The Pochari Technologies PortaPack air vehicle has a footprint no bigger than four feet by five feet, it can practically land on a balcony on a high rise apartment, hover right up against a high rise building rescuing occupants, or loiter up rubbing against a cliff side to rescue stranded hikers.
Ducted fan technology has been around since the 1950s, the principal of generating lift using condensed propellers within a duct which acts to concentrate the airflow is a proven concept.
What strongly favors high disk loading VTOL technology is the non-linear relationship between disk loading and power loading.
For example, a 250mm EDF can generate 123 lbs of thrust using 60 hp, translating to 236 lbs/ft2 of disk loading a 2.05 lbf/hp.
In contrast, a Robinson R44uses 225 horsepower to generate 2400 of lift with 856 square feet of rotor area, yielding only 2.8 lbf/ft2 and 10.66 lb/hp.
This means 85 times more thrust can be generate in a given area with only a 5.2 times increase in power, strongly favoring higher disk loading.
A 15.5 times increase in the power loading increases disc loading by a 137.5 times.
Clearly, if one desires compactness, one should be able
With this in mind, it makes little sense to design ultra low disk loading helicopters since we have to accommodate such a large area.
The F-35 liftfan generates 20,000 lbf of thrust in a 50 inch diameter fan, generating 0.689 lbf/hp and 1466 lbf/ft2.
Sabrewing Aircraft Company claims to able to achieve a disk loading of 122.4 lbf/ft2 at a power loading of only 2.81 lb/hp with a 5.2 ft diameter ducted fan.
Man has dreamed of micro-air vehicles that are highly compact, essentially fitting around a single person, a flying backpack, that enables him reach the most challenging and confined geographies that even helicopters cannot tackle. Conventional aircraft have large footprints and exposed rotors, even recent EVTOL designs all feature not only large physical footprints but exposed rotors which risk sustaining foreign object damage in highly confined environments. While the jetpack has tremendous application in a wide range of end uses, such as surveying, surveillance, law enforcement, defense, etc, the Jetpack is not simply a tactical or utilitarian technology, it is rather an attempt to attain complete freedom of mobility, to unleash man from his bondage to the earth.
Recuperated gas turbine technology is critical if not enabling to for jetpack technology.
The Russians achieved an SFC as low as 0.348 in a 500 hp turboshaft engine using an 80 lb recuperator.

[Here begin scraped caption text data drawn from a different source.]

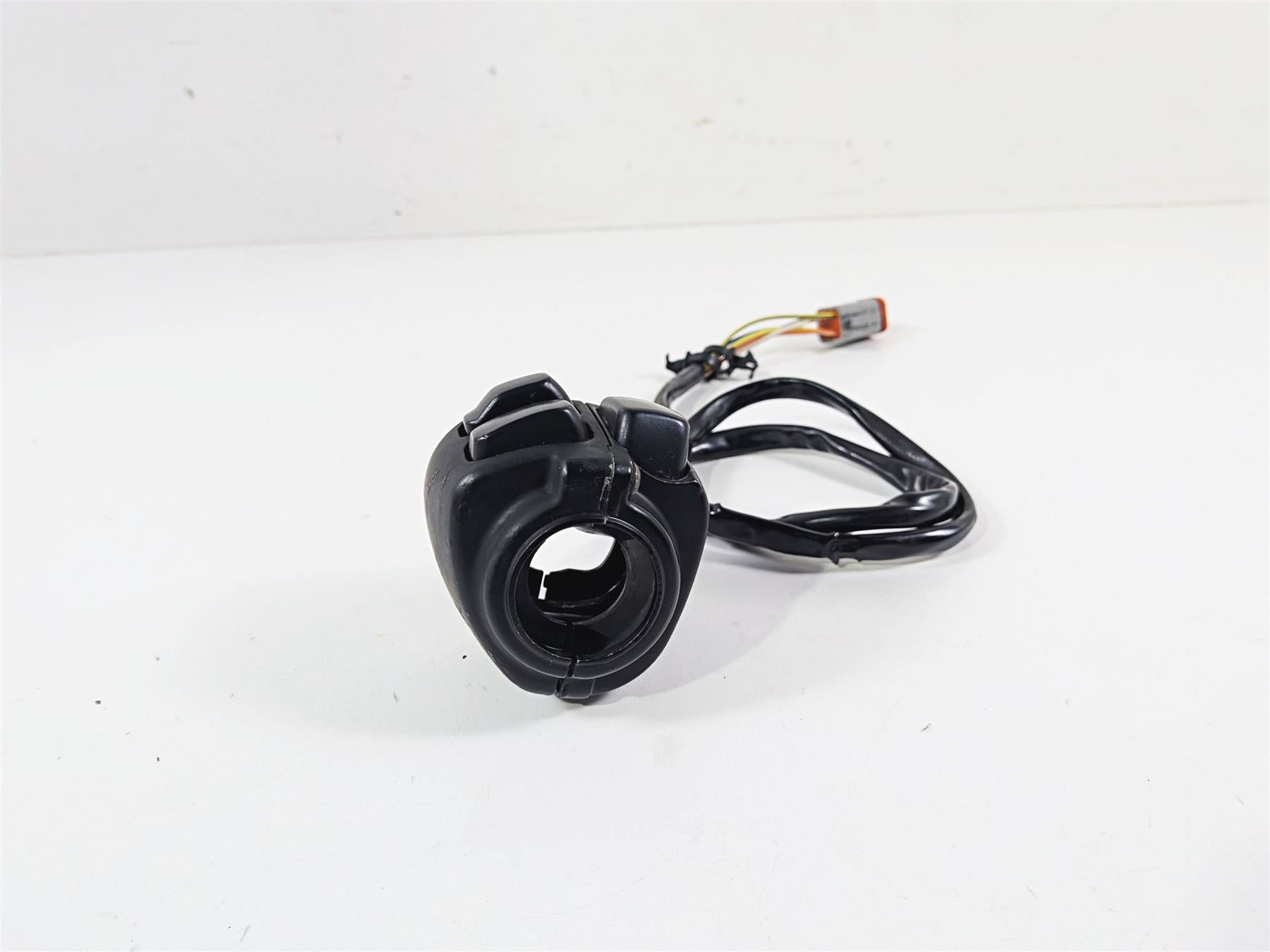 1998 Harley Dyna FXDL Low Rider Left Hand Control Switch 71682-06A {{ shop.shopifyCountryName }} - Mototech271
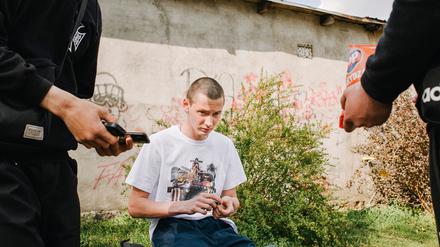 Florian Gatzweiler und Alexander Levin portraitierten geflüchtete Jugendliche aus der Ukraine in Slubice.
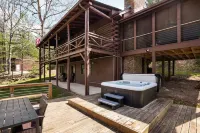 Hidden Cabin Retreat with Hot Tub in Lost City, WV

Saturn/Lyulka AL-34 produced 550 hp in cruise and a 1000 horsepower in takeoff. Up to a 28% reduction in SFC can be enabled with advanced recuperation. The lowest SFC gas turbine in the sub 1000 hp class is the HTS900 with an SFC of 0.52 lbs/hp-hr.
Heat transfer rates in a microchannel SiC heat exchanger could approach 58 kW per m2 with a tube section of 0.6mm.

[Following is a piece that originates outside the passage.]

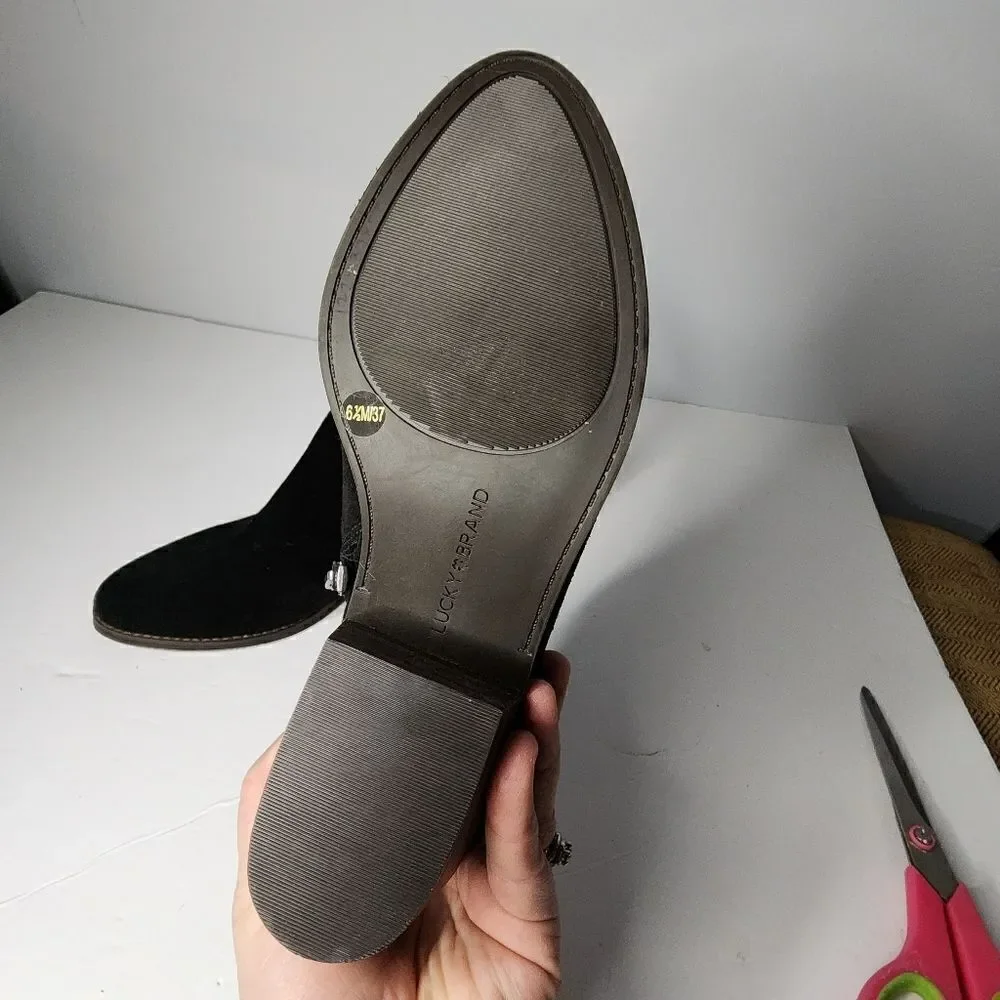 Lucky Brand Women's Fenley Boots Size 6.5 Black Suede Low Block Heel Zip Bootie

Jetpack technology has been historically handicapped by poor propulsion efficiency. While Martin Jetpack had solved this by using ducted fans, the Martin Jetpack suffered from poor prime mover power density. While the propulsion efficiency was stellar, the engine used had high SFC and poor power-weight. Few people realize modern diesel engine technology can achieve enormous power density. Decades of NASA research on compound cycle diesel engines originally studied for rotorcraft propulsion achieved power densities of 1.66 lb/hp with SFCs of 0.32 using advanced turbo-compounding. The research was abandoned as increasing turbine inlet temperatures permitted by the advancements in single crystal alloy turbine blades overshadowed the best efforts of reciprocating propulsion. Fast-forward 40 years since the 1980s NASA/Garrett turbo-compounding program and we find ourselves needing high power density low-SFC propulsion more than ever for advanced micro-air vehicles to achieve desired endurance requirements. Turboshaft propulsion cannot be scaled down efficiently below 500 hp within an acceptable SFC range. More recently, SMA, a subsidiary of Safran, designed a 530 lb direct-injection compression ignition engine producing up to 800 hp. This does not include potential increases through turbo-compounding. NASA’s original estimate was 1.6 hp/lb.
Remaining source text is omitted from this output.